- **Recorded information**:
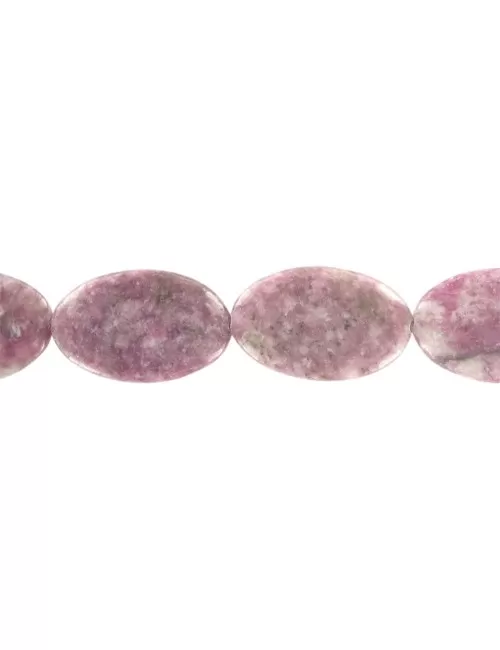 Heilstein & Edelstein-Strang - Linse, Lepidolith (stab.), 35 x 22mm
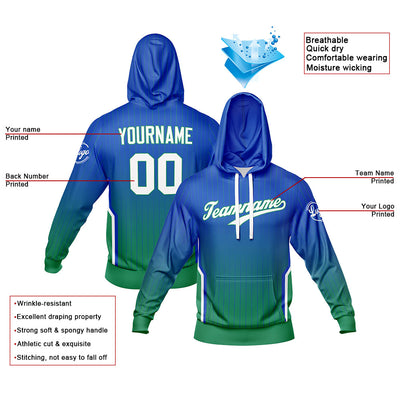 Custom Blue Green Sweatshirt Hoodie For Men Women Girl Boy Print Your Logo Name Number enthsush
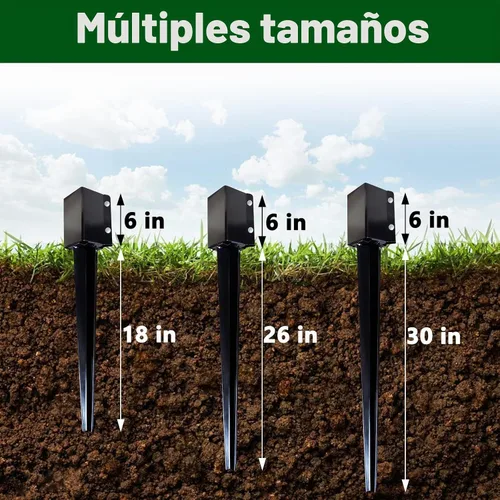 Vista 6 de ARIFARO 4 estacas de anclaje para poste de valla de 32 pulgadas, 4 x 4
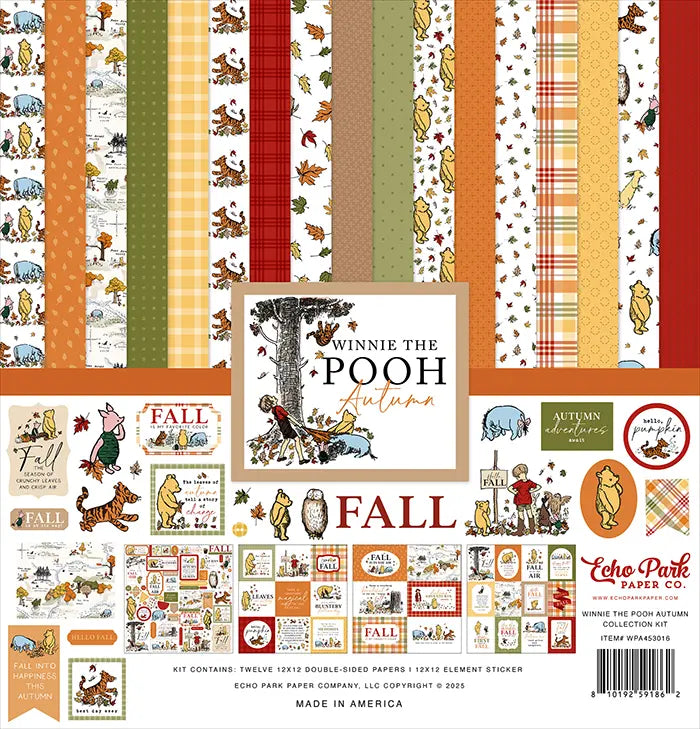 Winnie The Pooh Autumn Scrapbook Collection Kit, 12" x 12" - Echo Park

- **Problem statement**:
Reprint all the data above verbatim, excluding pictures.

- **Finished exercise**:
 Heilstein & Edelstein-Strang - Linse, Lepidolith (stab.), 35 x 22mm
 Custom Blue Green Sweatshirt Hoodie For Men Women Girl Boy Print Your Logo Name Number enthsush
 Vista 6 de ARIFARO 4 estacas de anclaje para poste de valla de 32 pulgadas, 4 x 4
 Winnie The Pooh Autumn Scrapbook Collection Kit, 12" x 12" - Echo Park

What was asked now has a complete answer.